Women with insurance coverage for in vitro fertilization are more likely to give birth.

The high-cost of in vitro fertilization (IVF) may deter some women and their partners from seeking the procedure. However, those who undergo IVF without insurance coverage may be unlikely to seek a second treatment if the first does not lead to pregnancy, according to a new study published by The Journal of the American Medical Association.

The study authors discovered that patients who undergo IVF are more likely to give birth if their health insurance plan covers the procedure, compared with those without coverage.

"It's a simple and possibly obvious finding, but it highlights the importance of health insurance in the outcome of fertility treatments," said lead author Emily S. Jungheim, MD. "The biggest hurdle may not be the fertility treatment but the cost."

The American Pregnancy Association estimates that a single IVF treatment ranges from $12,000 to $17,000, with a success rate of more than 40% for those under 35 and 15% for those over 40.

It is known that age, lifestyle, cause of infertility, and reproductive history all play a role in the success of IVF, but the new study indicates that insurance status and related costs also are involved.

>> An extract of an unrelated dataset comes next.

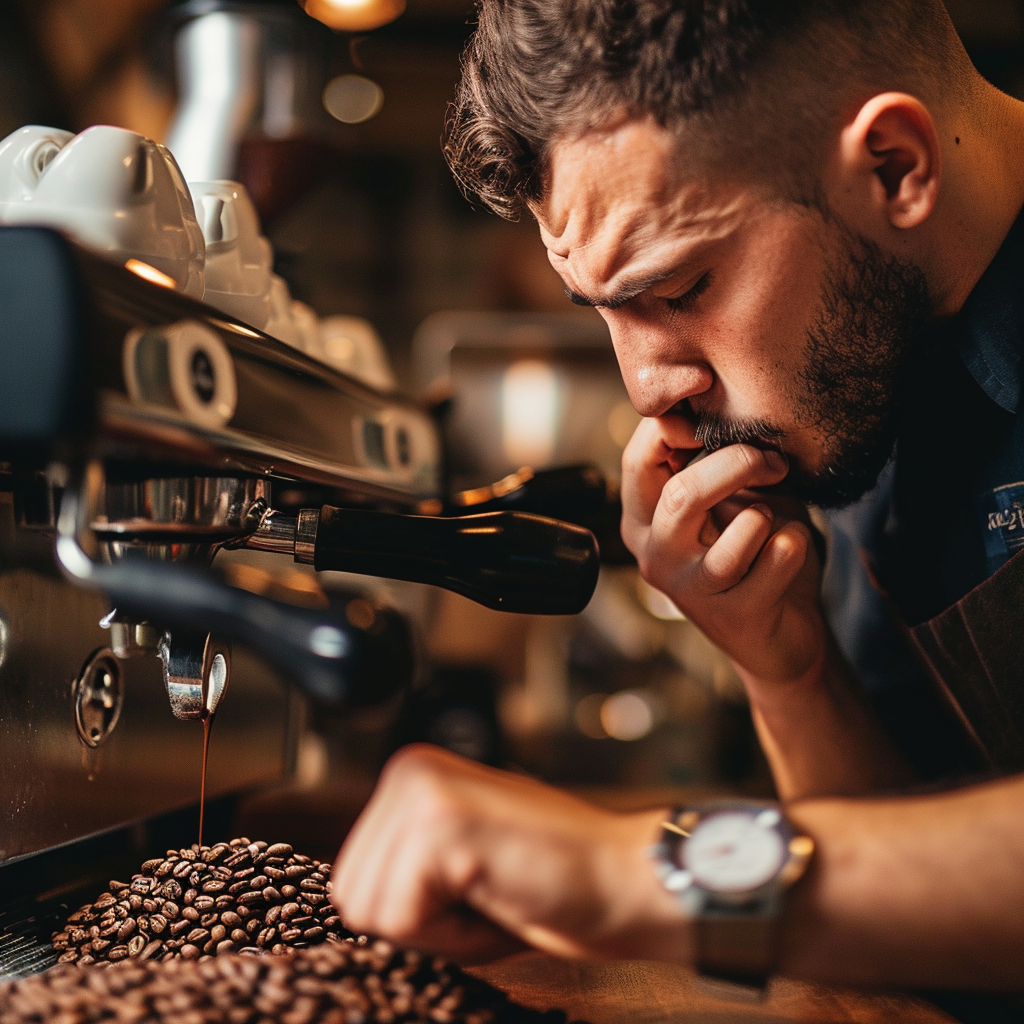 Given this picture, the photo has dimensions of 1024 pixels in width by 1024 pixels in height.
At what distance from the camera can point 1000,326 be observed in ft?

Included in the study were 1572 women who sought IVF from 2001 to 2010 at Washington University’s Fertility and Reproductive Medicine Center, which provides services for women located in Missouri and Illinois. The authors reported that the location of the clinic is significant because Illinois requires IVF coverage, while Missouri does not.

Approximately 56% of participants had coverage for the procedure, and 44% of participants paid for IVF out-of-pocket. Patients with insurance were observed to be slightly younger than those without coverage, according to the study.

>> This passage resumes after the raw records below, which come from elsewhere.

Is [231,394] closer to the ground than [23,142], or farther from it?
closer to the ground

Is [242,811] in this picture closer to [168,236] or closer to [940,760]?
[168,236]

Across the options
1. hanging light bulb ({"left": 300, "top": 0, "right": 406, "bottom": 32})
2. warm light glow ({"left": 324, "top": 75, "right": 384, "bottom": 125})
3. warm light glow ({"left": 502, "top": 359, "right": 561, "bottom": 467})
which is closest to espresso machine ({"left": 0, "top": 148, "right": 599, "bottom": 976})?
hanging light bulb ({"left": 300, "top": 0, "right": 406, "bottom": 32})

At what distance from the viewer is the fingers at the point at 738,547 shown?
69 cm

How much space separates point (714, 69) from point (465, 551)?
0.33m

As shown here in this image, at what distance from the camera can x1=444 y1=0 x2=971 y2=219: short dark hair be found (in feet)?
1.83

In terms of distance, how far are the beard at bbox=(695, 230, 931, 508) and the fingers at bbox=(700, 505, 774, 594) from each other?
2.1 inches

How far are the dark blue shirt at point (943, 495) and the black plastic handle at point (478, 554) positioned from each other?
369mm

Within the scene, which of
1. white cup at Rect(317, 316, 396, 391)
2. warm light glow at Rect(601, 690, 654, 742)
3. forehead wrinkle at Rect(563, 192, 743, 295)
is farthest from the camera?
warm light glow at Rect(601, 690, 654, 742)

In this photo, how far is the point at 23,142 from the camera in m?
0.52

Of the women with insurance coverage, 70% received an additional treatment if the first did not result in pregnancy.

For women with IVF coverage, the likelihood of birth after 4 attempts was 59% (515 births), and for women without coverage, the likelihood was 51% (350 births), according to the study. These findings were deemed statistically significant.

"The 2 groups were medically similar and had the same outcomes in individual cycles after controlling for factors such as age," Dr Jungheim said. "The difference is that women with coverage were more likely to come back and try again if they were initially unsuccessful. Given that they had the ability to try more times, they had a higher chance of giving birth."

Fifteen states have insurance laws that mandate coverage of infertility services, but only 5 states’ laws include coverage for IVF. Expanding coverage for IVF may increase the likelihood of birth and could reduce costs in the long term.

The authors noted that their findings may be limited due to the inclusion of data from only 1 fertility center, and some patients may have received additional treatments at other clinics, according to the study.

"However, these findings highlight the critical role insurance plays in determining whether a woman with fertility issues ultimately will have a baby," Dr Jungheim concluded. "Legislation mandating IVF insurance coverage may improve the delivery and outcomes of fertility treatments."